Isovalent Status Checks

Check Cilium status & validate Cilium version

kubectl exec -n cilium -ti ds/cilium -- cilium status

Defaulted container "cilium-agent" out of: cilium-agent, config (init), mount-cgroup (init), apply-sysctl-overwrites (init), mount-bpf-fs (init), clean-cilium-state (init), install-cni-binaries (init)
KVStore:                 Ok   Disabled
Kubernetes:              Ok   1.30 (v1.30.5) [linux/amd64]
Kubernetes APIs:         ["EndpointSliceOrEndpoint", "cilium/v2::CiliumClusterwideNetworkPolicy", "cilium/v2::CiliumEndpoint", "cilium/v2::CiliumNetworkPolicy", "cilium/v2::CiliumNode", "cilium/v2alpha1::CiliumCIDRGroup", "core/v1::Namespace", "core/v1::Pods", "core/v1::Service", "networking.k8s.io/v1::NetworkPolicy"]
KubeProxyReplacement:    False   [ens5   10.0.0.65 fe80::8c00:27fe:f848:bfe8]
Host firewall:           Disabled
SRv6:                    Disabled
CNI Chaining:            portmap
CNI Config file:         successfully wrote CNI configuration file to /host/etc/cni/net.d/05-cilium.conflist
Cilium:                  Ok   1.15.5-cee.1 (v1.15.5-cee.1-e6056c28)
NodeMonitor:             Listening for events on 4 CPUs with 64x4096 of shared memory
Cilium health daemon:    Ok
IPAM:                    IPv4: 24/510 allocated from 10.128.2.0/23,
IPv4 BIG TCP:            Disabled
IPv6 BIG TCP:            Disabled
BandwidthManager:        Disabled
Host Routing:            Legacy
Masquerading:            IPTables [IPv4: Enabled, IPv6: Disabled]
Controller Status:       150/150 healthy
Proxy Status:            OK, ip 10.128.3.182, 0 redirects active on ports 10000-20000, Envoy: embedded
Global Identity Range:   min 256, max 65535
Hubble:                  Ok              Current/Max Flows: 4095/4095 (100.00%), Flows/s: 82.15   Metrics: Disabled
Encryption:              Disabled
Cluster health:          2/2 reachable   (2024-11-06T08:22:17Z)
Modules Health:          Stopped(0) Degraded(0) OK(11)

Validate health check.
- cilium-health is a tool available in Cilium that provides visibility into the overall health of the cluster’s networking and connectivity. You can check node-to-node health with cilium-health status.

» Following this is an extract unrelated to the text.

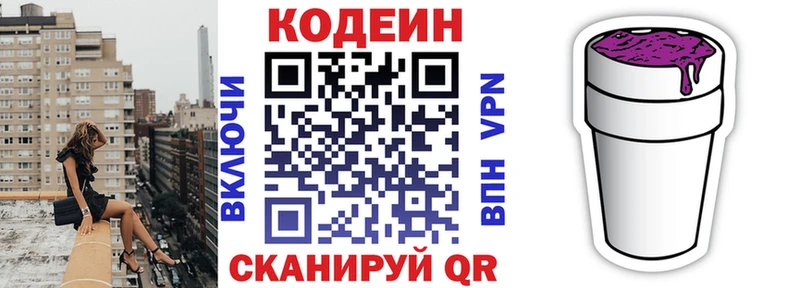 Codein напиток Lean (лин)  Канск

kubectl exec -n cilium -ti ds/cilium -- cilium-health status

Defaulted container "cilium-agent" out of: cilium-agent, config (init), mount-cgroup (init), apply-sysctl-overwrites (init), mount-bpf-fs (init), clean-cilium-state (init), install-cni-binaries (init)
Probe time:   2024-11-06T08:24:17Z
Nodes:
  amit-rosa/ip-10-0-0-65.ap-northeast-2.compute.internal (localhost):
    Host connectivity to 10.0.0.65:
      ICMP to stack:   OK, RTT=275.771µs
      HTTP to agent:   OK, RTT=151.67µs
    Endpoint connectivity to 10.128.3.9:
      ICMP to stack:   OK, RTT=299.903µs
      HTTP to agent:   OK, RTT=343.729µs
  amit-rosa/ip-10-0-0-62.ap-northeast-2.compute.internal:
    Host connectivity to 10.0.0.62:
      ICMP to stack:   OK, RTT=312.803µs
      HTTP to agent:   OK, RTT=367.915µs
    Endpoint connectivity to 10.128.0.52:
      ICMP to stack:   OK, RTT=416.841µs
      HTTP to agent:   OK, RTT=538.236µs

Cilium Connectivity Test
- The Cilium connectivity test deploys a series of services and deployments, and CiliumNetworkPolicy will use various connectivity paths to connect. Connectivity paths include with and without service load-balancing and various network policy combinations.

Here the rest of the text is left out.